The fact that he finally had said it seemed to give Roe a kick. He laughed.
"This isn't a confession and my conscience doesn't bother me a bit. Maybe the book says I was cheating, but I never felt that way. I wasn't the only one that did it. There still are some guys wetting 'em up right now. I know one or two of them, but it's not up to me to tell their names. When they get ready to, 'maybe they will. I'm just going to talk about me; why I did it, and why I don't think there's anything wrong with it.
"A pitcher will take any little advantage he can today, and I don't blame him. I'd pitch in front of the rubber when I had a chance. I never used a cut ball much, but I wasn't too proud to—and neither are a lot of the guys around the league.
"One time last year when I was being relieved I stood on the mound and cut a ball with my fingernail real deep. I handed it to the new boy and said: " 'I've got a hole in that one if you want to use it. You can get another ball if you want.'
" 'Give it to me,' he said—and he struck out the next batter on three pitches. He's still around, so I'm not gonna say who it was.

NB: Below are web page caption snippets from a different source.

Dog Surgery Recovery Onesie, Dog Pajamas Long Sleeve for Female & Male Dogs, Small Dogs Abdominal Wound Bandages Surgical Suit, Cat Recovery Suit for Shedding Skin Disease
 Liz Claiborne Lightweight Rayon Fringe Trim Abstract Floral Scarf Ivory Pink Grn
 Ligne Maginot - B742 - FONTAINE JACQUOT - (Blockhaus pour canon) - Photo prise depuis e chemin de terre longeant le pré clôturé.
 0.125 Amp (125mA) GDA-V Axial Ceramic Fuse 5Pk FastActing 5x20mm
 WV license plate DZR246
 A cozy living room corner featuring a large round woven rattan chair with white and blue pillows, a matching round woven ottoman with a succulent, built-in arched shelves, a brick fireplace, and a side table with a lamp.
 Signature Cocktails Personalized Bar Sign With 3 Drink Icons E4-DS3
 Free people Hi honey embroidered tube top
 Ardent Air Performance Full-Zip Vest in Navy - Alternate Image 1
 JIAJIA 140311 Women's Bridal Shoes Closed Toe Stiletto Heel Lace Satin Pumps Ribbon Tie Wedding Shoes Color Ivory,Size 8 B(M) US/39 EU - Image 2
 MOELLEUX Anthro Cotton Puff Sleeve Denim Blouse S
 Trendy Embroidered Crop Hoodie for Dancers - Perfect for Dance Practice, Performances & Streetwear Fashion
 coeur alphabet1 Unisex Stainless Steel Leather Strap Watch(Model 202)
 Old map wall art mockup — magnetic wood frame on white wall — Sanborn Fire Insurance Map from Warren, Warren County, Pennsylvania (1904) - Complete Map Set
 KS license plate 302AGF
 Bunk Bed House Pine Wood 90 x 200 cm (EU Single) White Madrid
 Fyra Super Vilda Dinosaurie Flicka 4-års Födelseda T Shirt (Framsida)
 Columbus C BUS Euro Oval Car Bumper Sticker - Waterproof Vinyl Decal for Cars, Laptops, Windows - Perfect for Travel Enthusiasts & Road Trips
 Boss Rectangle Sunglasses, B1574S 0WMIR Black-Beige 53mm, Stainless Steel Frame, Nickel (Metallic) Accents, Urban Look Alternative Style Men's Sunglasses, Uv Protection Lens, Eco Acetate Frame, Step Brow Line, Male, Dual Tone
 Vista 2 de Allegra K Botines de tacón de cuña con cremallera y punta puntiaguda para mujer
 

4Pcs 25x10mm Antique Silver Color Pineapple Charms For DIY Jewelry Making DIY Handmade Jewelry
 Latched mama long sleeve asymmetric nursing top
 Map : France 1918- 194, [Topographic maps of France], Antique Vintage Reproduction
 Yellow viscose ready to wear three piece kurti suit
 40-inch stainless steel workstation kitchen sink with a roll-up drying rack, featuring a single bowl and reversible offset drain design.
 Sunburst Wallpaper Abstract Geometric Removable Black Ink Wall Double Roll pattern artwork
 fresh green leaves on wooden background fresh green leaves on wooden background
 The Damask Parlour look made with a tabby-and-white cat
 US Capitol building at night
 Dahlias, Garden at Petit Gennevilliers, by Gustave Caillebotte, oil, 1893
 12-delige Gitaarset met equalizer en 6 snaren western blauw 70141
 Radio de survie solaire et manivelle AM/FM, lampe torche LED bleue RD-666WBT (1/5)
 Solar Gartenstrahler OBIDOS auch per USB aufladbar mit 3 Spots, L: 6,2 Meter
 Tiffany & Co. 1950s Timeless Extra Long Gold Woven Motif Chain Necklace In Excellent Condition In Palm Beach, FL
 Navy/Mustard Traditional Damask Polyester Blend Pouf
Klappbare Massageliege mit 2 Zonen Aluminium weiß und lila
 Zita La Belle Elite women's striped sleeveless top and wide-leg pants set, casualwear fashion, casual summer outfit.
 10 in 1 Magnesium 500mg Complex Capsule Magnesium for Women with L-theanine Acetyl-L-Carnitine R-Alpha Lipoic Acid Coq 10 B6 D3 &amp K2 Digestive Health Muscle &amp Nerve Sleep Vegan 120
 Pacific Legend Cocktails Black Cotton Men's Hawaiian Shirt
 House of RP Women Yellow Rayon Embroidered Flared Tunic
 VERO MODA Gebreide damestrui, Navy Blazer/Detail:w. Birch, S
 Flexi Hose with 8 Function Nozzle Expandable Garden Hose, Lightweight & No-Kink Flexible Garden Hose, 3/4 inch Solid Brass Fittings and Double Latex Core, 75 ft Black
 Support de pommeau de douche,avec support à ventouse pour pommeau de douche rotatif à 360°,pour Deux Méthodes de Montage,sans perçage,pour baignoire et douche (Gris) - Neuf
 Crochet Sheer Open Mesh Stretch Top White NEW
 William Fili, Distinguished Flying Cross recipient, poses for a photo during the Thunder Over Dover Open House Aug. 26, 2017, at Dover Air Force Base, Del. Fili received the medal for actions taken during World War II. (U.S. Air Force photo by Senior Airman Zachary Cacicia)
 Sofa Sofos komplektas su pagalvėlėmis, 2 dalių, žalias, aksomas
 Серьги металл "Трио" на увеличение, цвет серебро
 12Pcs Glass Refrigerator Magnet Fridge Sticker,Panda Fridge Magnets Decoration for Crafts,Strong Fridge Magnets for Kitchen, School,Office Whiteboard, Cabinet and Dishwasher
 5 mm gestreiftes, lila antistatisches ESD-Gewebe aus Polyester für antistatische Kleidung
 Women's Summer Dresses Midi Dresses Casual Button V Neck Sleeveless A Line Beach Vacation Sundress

"I don't say all the little tricks pitchers use now and then should be legalized, but, hell, the spitball should be. It's not dangerous—no more than the knuckler, and nobody's outlawed that. If they want to know the real truth, you can control a spitter lots easier than a knuckler. And there ain't many things meaner than a fast ball thrown up close to the head."
Roe turned back to the field and watched Carl Erskine lazily throwing in his first warm-up pitches to Dixie Howell.